PostgreSQL 9.6 – Speeding Up Slow SELECT Query

performancepostgresqlquery-performance

In a app called Links, users post photos of interesting content they've discovered recently (and others can vote or comment on them).

These posted photos are saved in a links_photo table in my postgresql 9.6.5 DB.

Each user's profile shows their posted photos – paginated by 10 objects each – ordered by upload time.

One SELECT query on the links_photo table is consistently showing up in slow_log. It's taking longer than 500ms, and is ~10X slower than what I'm experiencing in most other postgresql operations.

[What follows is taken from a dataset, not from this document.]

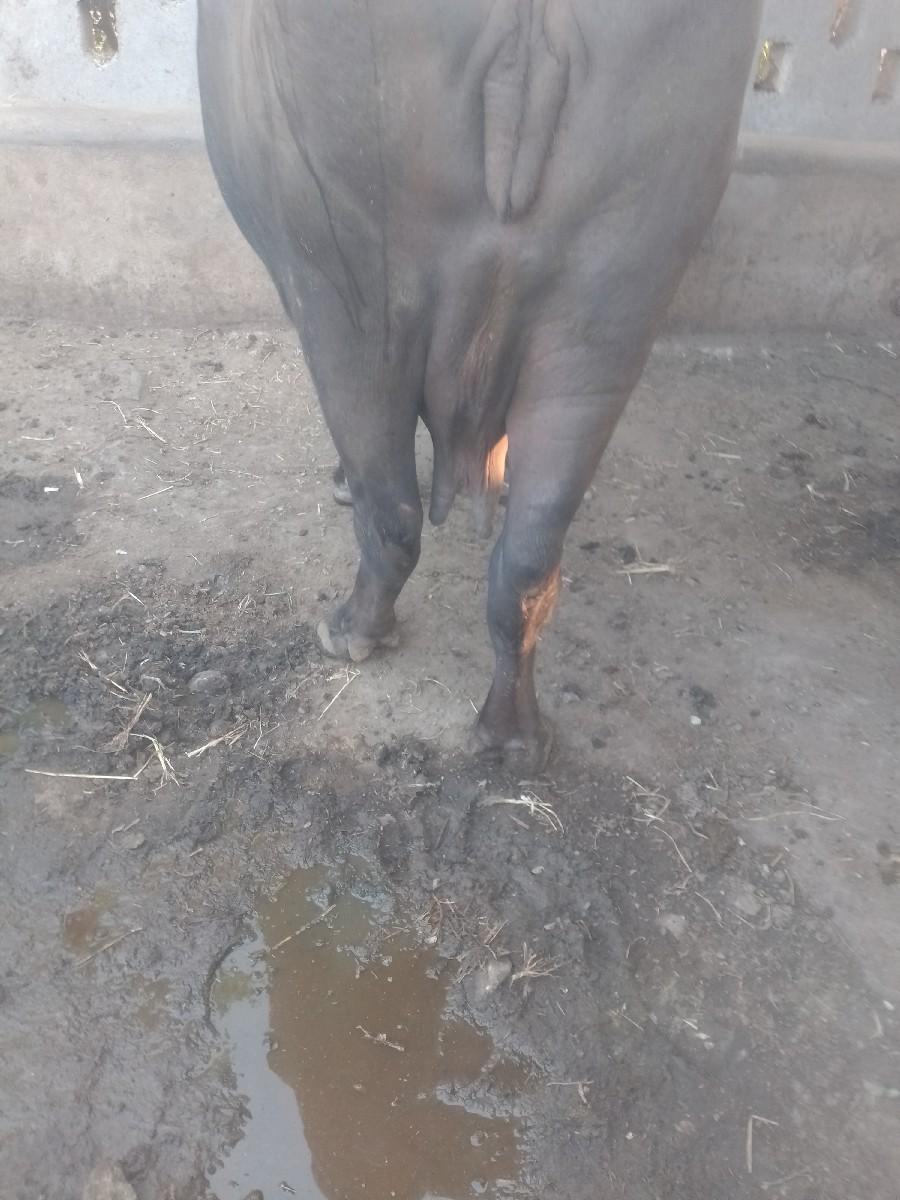 થંબનેલ 2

Here's an example of the corresponding SQL from my slow log:

LOG: duration: 542.755 ms statement:

SELECT "links_photo"."id",
       "links_photo"."owner_id",
       "links_photo"."image_file",
       "links_photo"."upload_time",
       "links_photo"."comment_count",
       "links_photo"."vote_score",
       "links_photo"."caption",
       "links_photo"."category",
       "auth_user"."id",
       "auth_user"."username",
       "auth_user"."date_joined",
       "links_userprofile"."id",
       "links_userprofile"."user_id",
       "links_userprofile"."score",
       "links_userprofile"."avatar"
FROM   "links_photo"
       INNER JOIN "auth_user"
               ON ( "links_photo"."owner_id" = "auth_user"."id" )
       LEFT OUTER JOIN "links_userprofile"
                    ON ( "auth_user"."id" = "links_userprofile"."user_id" )
WHERE  ( "links_photo"."owner_id" = 78689
         AND "links_photo"."category" = '1' )
ORDER  BY "links_photo"."upload_time" DESC
LIMIT  10 offset 10

See the the explain analyze results: https://explain.depesz.com/s/DPJo

According to that, the Index Scan Backward ends up filtering 1,196,188 rows and is the source of slowness.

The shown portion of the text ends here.